Provided material:
# # #
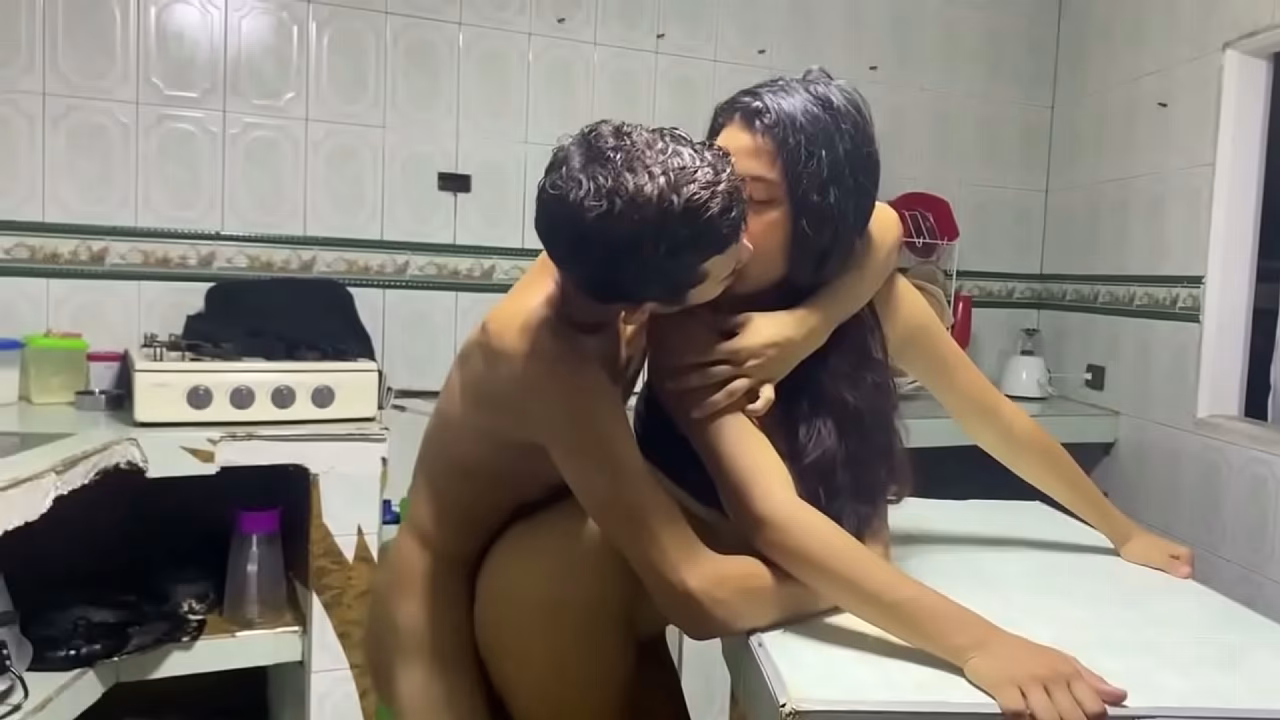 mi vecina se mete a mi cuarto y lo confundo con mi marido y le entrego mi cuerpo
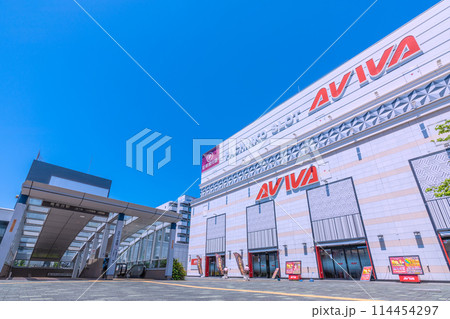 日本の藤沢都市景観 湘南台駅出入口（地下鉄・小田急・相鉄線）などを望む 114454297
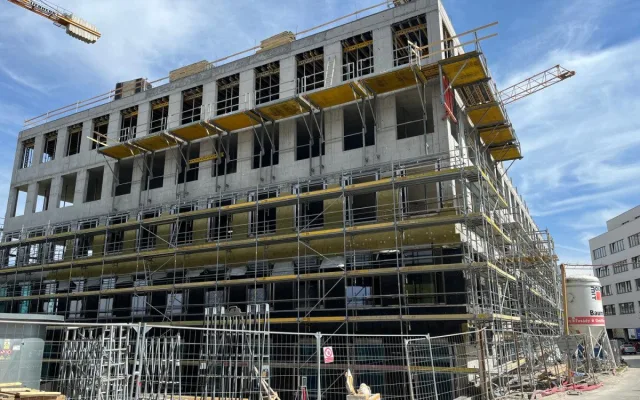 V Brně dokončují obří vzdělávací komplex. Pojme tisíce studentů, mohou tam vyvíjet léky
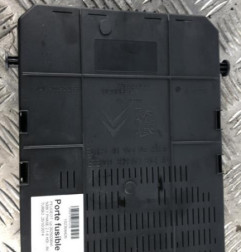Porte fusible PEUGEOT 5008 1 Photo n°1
# # #
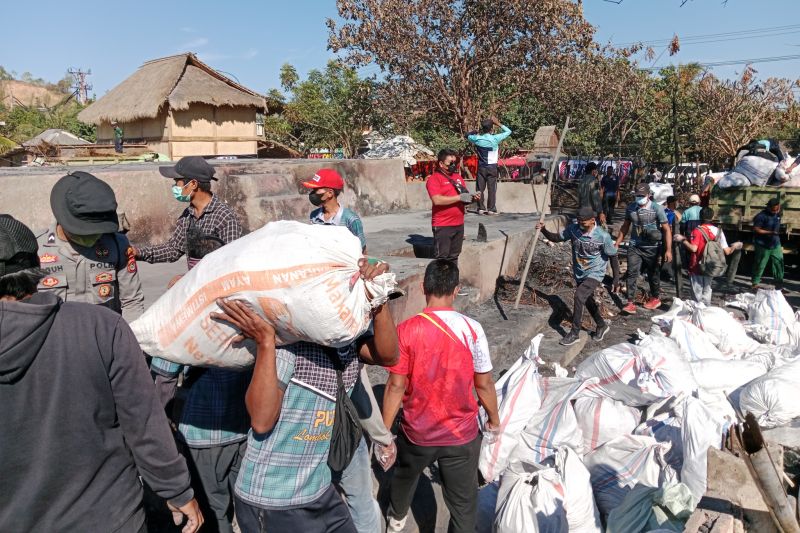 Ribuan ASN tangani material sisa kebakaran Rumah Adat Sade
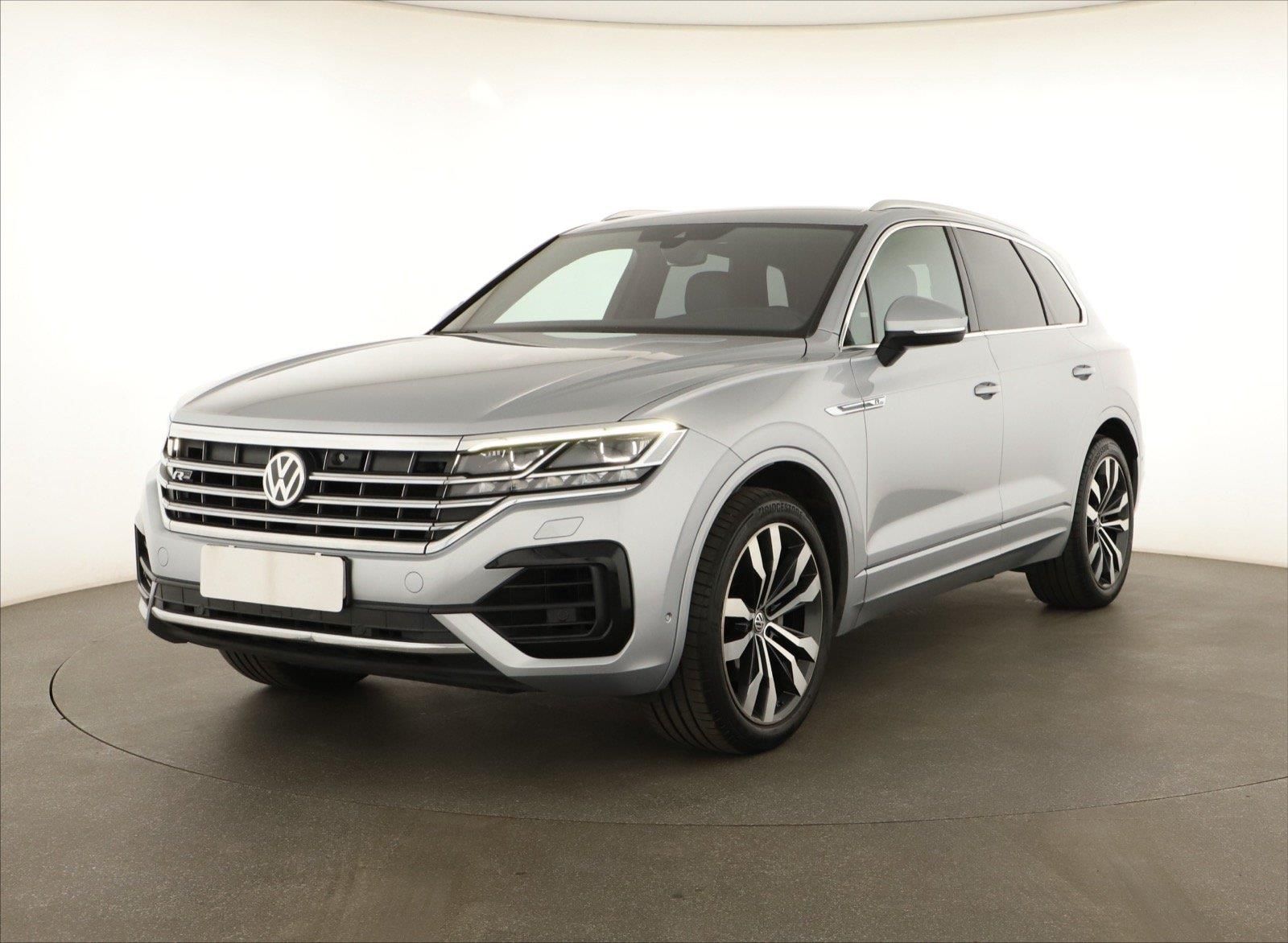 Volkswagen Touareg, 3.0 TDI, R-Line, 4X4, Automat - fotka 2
# # #
Try it:
Output exactly the lines above, from the line with "mi vecina se" to the line with "Porte fusible PEUGEOT 5008 1 Photo n°1", both included; skip the pictures.

Response for this exercise:
 mi vecina se mete a mi cuarto y lo confundo con mi marido y le entrego mi cuerpo
 日本の藤沢都市景観 湘南台駅出入口（地下鉄・小田急・相鉄線）などを望む 114454297
 V Brně dokončují obří vzdělávací komplex. Pojme tisíce studentů, mohou tam vyvíjet léky
Porte fusible PEUGEOT 5008 1 Photo n°1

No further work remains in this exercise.